F., a los treinta y cinco años, prometió no vivir más de cincuenta. Estaba con un amigo en una plaza de Reus, era una tarde de junio de 1957 y dijo que pensaba matarse antes del 20 de mayo de 1972, día de su cincuenta cumpleaños. Justo Navarro, poeta, traductor, crítico literario y novelista, persigue la deriva de una vida, sigue el rastro de las mujeres, de las lecturas, de los trabajos y los días de un poeta que creía más en la inteligencia que en la inspiración, de un escritor que afirmaba que el único tema que le interesaba eran las mujeres, y cuando las mujeres le abandonaban huía al estudio de las lenguas, el griego, el latín, el ruso, el polaco, de todas las lenguas germánicas, al estudio de otras palabras que borran aquellas que no pueden ser pronunciadas ni pensadas.
Un crítico indispensable del que Gil de Biedma dijo que era el hombre más inteligente que había conocido, el hombre sin edad que seducía a los -las- jóvenes y había alcanzado una extraordinaria perfección en el arte de interpretarse a sí mismo en los cafés, el traductor que había traducido a destajo a Dashiell Hammett en la España franquista, cuando Hammett se preparaba para morir, acosado por el FBI, América, las deudas, la vida.
Porque F. es Gabriel Ferrater, poeta, traductor, crítico literario y, al menos una vez, novelista. Y esta historia de F., esta indagación sobre Ferrater, esta novela o memoria, que puede leerse como el informe que escribiría un detective de Hammett que también fuera escritor, como Hammett, como F., como Justo Navarro, concluye en la fecha en que Ferrater fijó su destino.
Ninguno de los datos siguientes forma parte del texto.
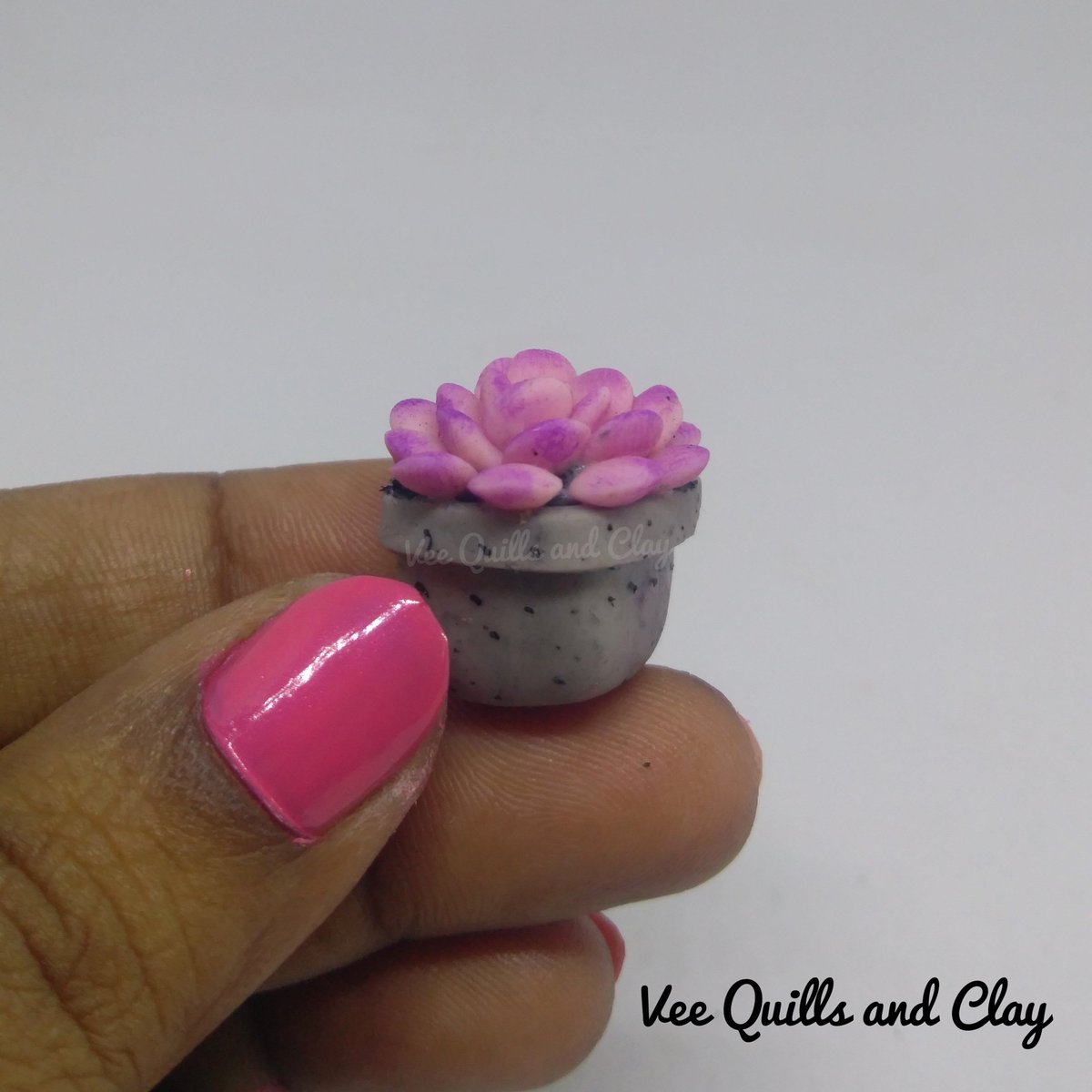 QuillsandVee's tweet image. A challenge in instagram to create anything in an inch size all this month.
#aninchaugust #aninchaugust2019
#succulents #miniatures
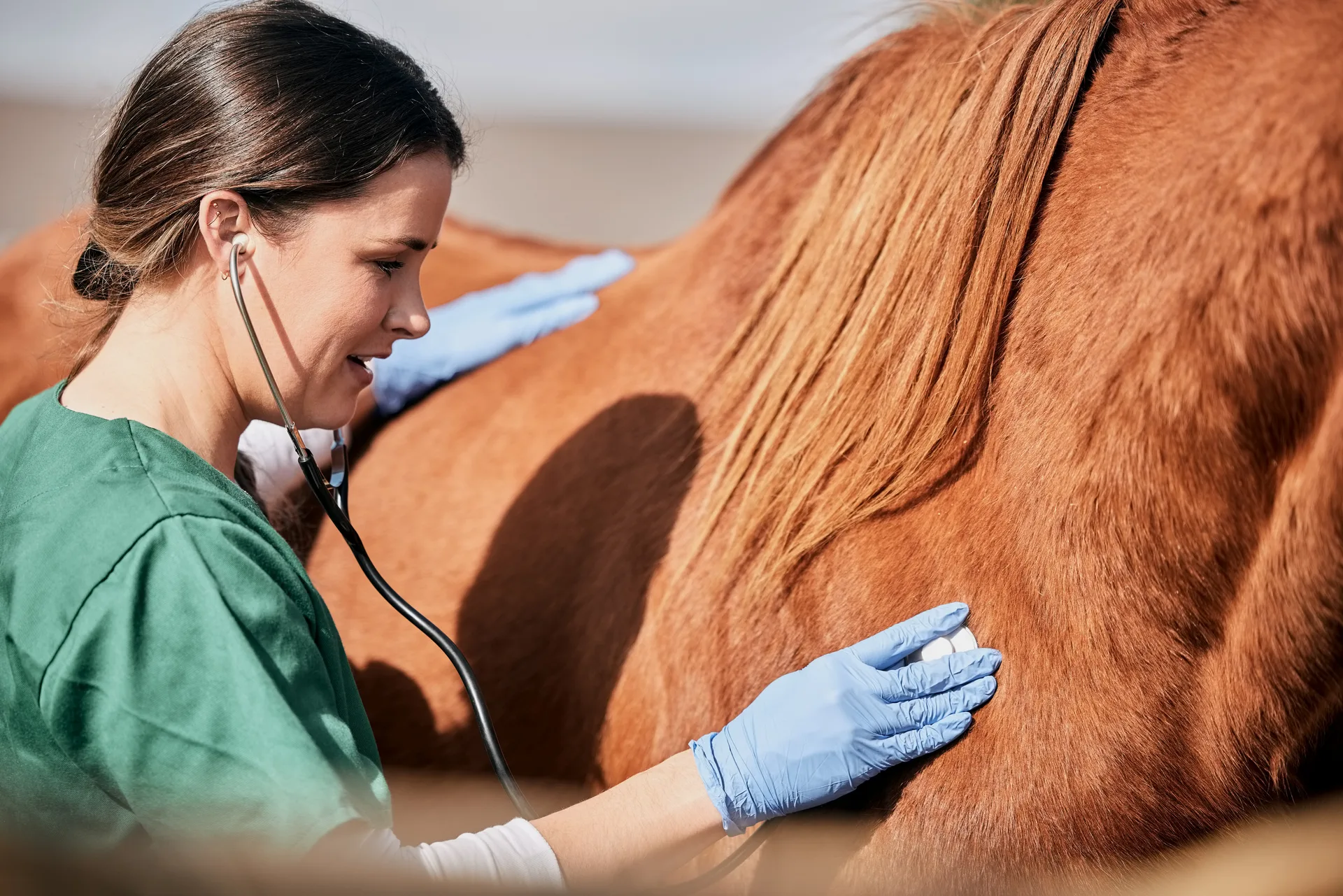 An equine vet listening to a chestnut horse with a stethoscope during a field exam.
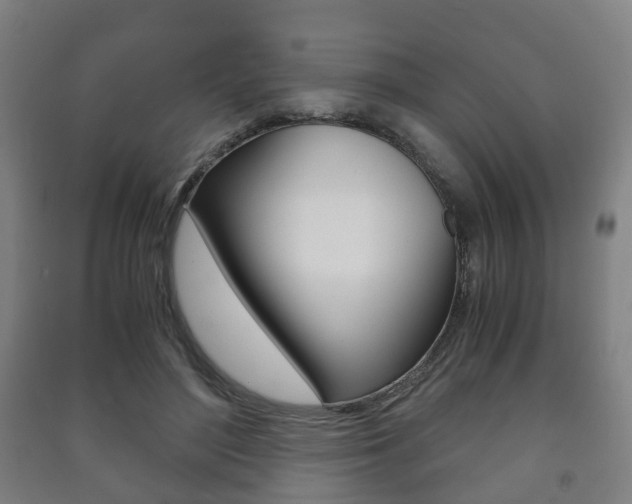 X0000091450500200708161050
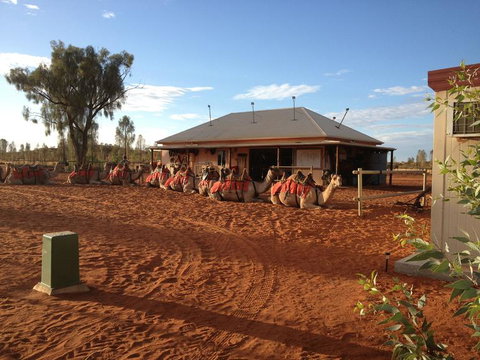 Uluru Small-Group Tour By Camel At Sunrise Or Sunset - Goulburn Accommodation 19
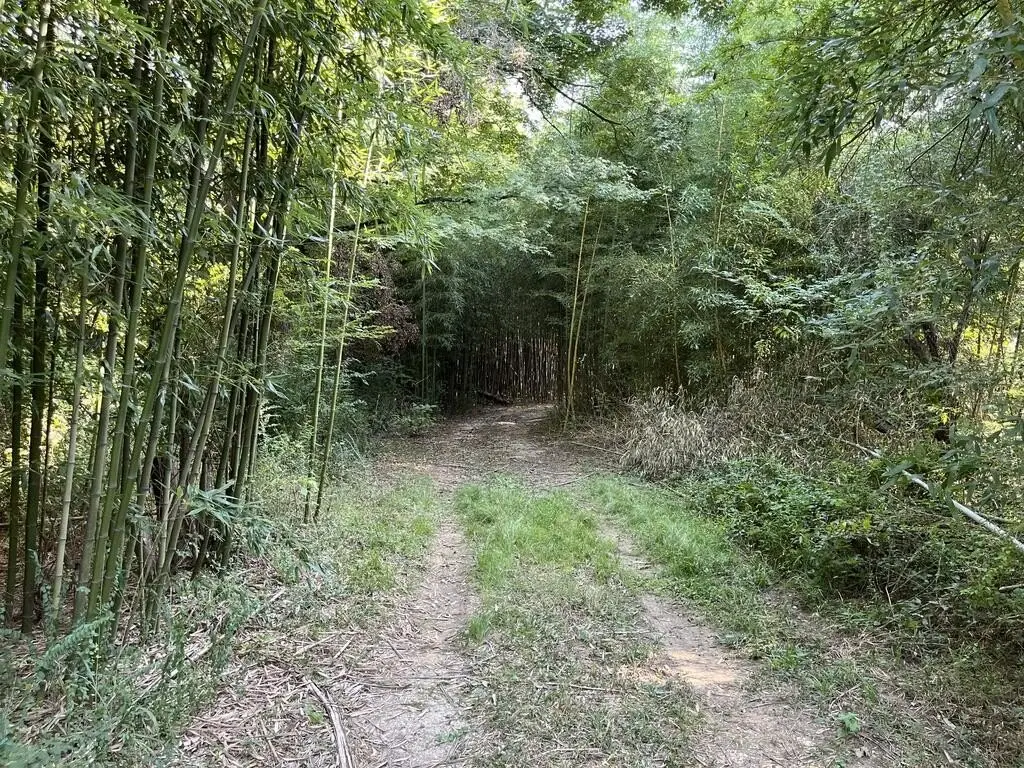 Picture 14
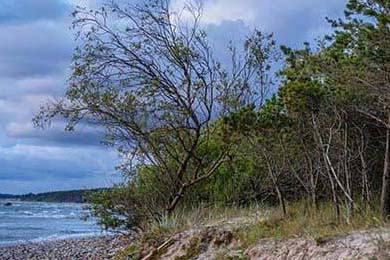 胡志明市：2026年起建议限制汽油车驶入市中心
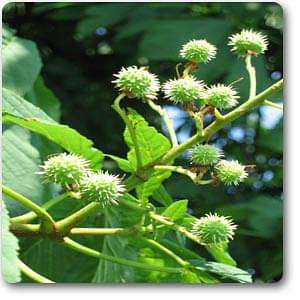 horsechestnut - plant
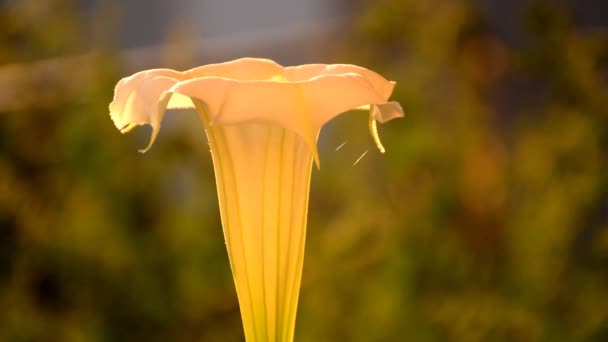 Manzana Espina Con Flor Blanca Retroiluminación — Vídeos de Stock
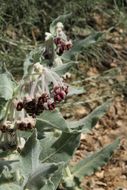 Imagem de Asclepias californica Greene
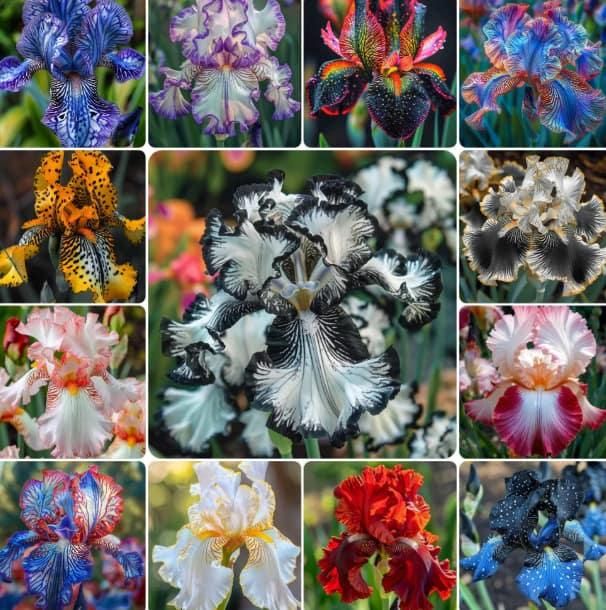 2 Bulbs Rare Tall Iris Seeds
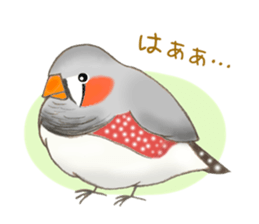 Little Bird. sticker #2724008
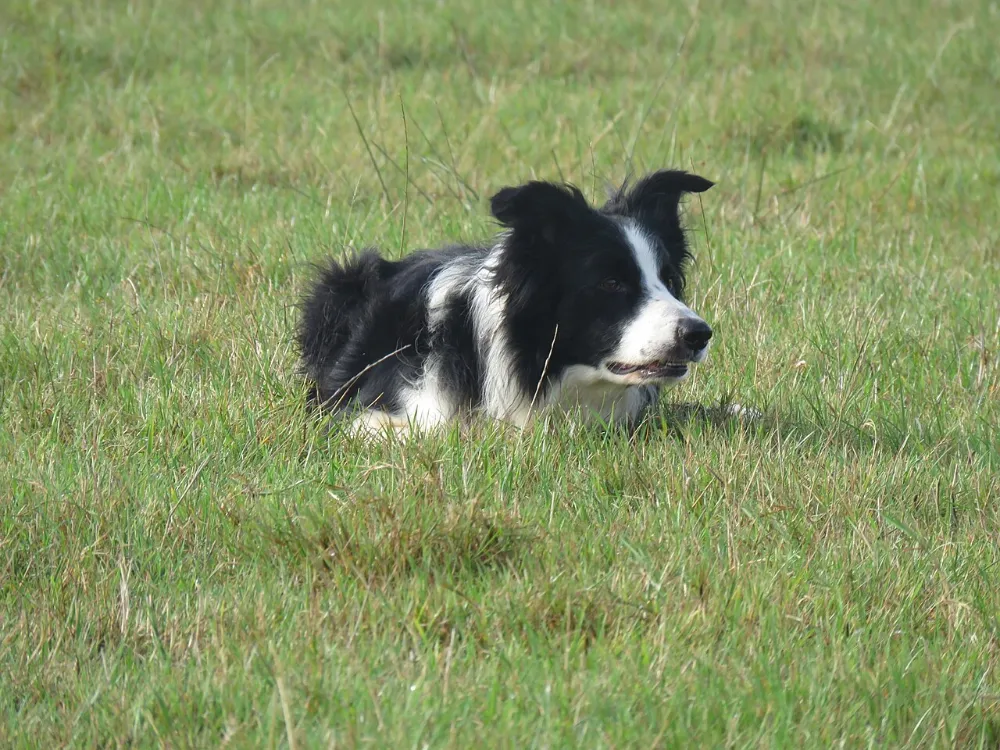 Epilepsia en perros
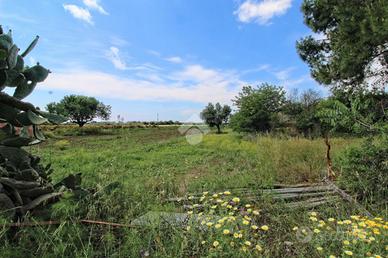 TER. AGRICOLO A ISOLA DI CAPO RIZZUTO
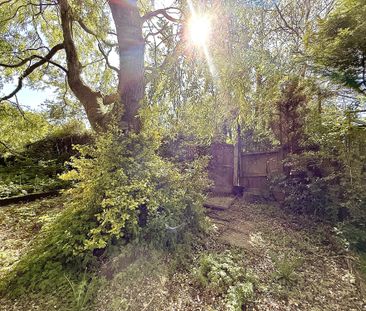 Smallwood Hey, Pilling - Photo 6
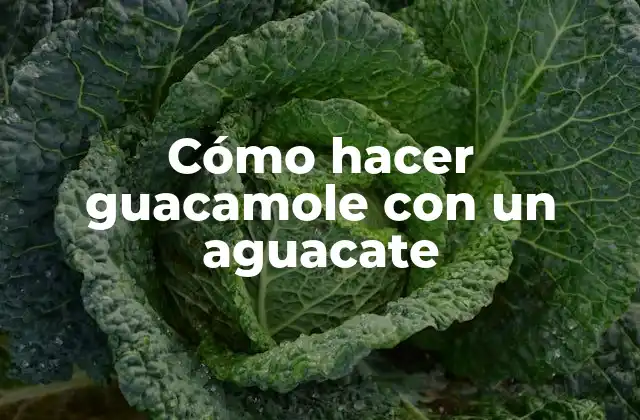 Cómo Hacer Guacamole con un Aguacate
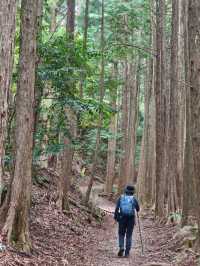 ✨熊野古道中邊路徒步之旅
Todos los datos están aquí y, si hay un enigma, también está aquí. Aunque los personajes y lugares, reales o ficticios, sólo aparezcan como personajes y lugares imaginarios. Y la única respuesta sea la pregunta.
«Justo Navarro tiene una voz absolutamente personal, posee un mundo inequívoco de obsesiones y ficciones, aporta un sistema expresivo singularizado y brillante, y trae a la narrativa española un necesario acento de dureza, de rigor estético pero también ético» (Miguel García-Posada, El País).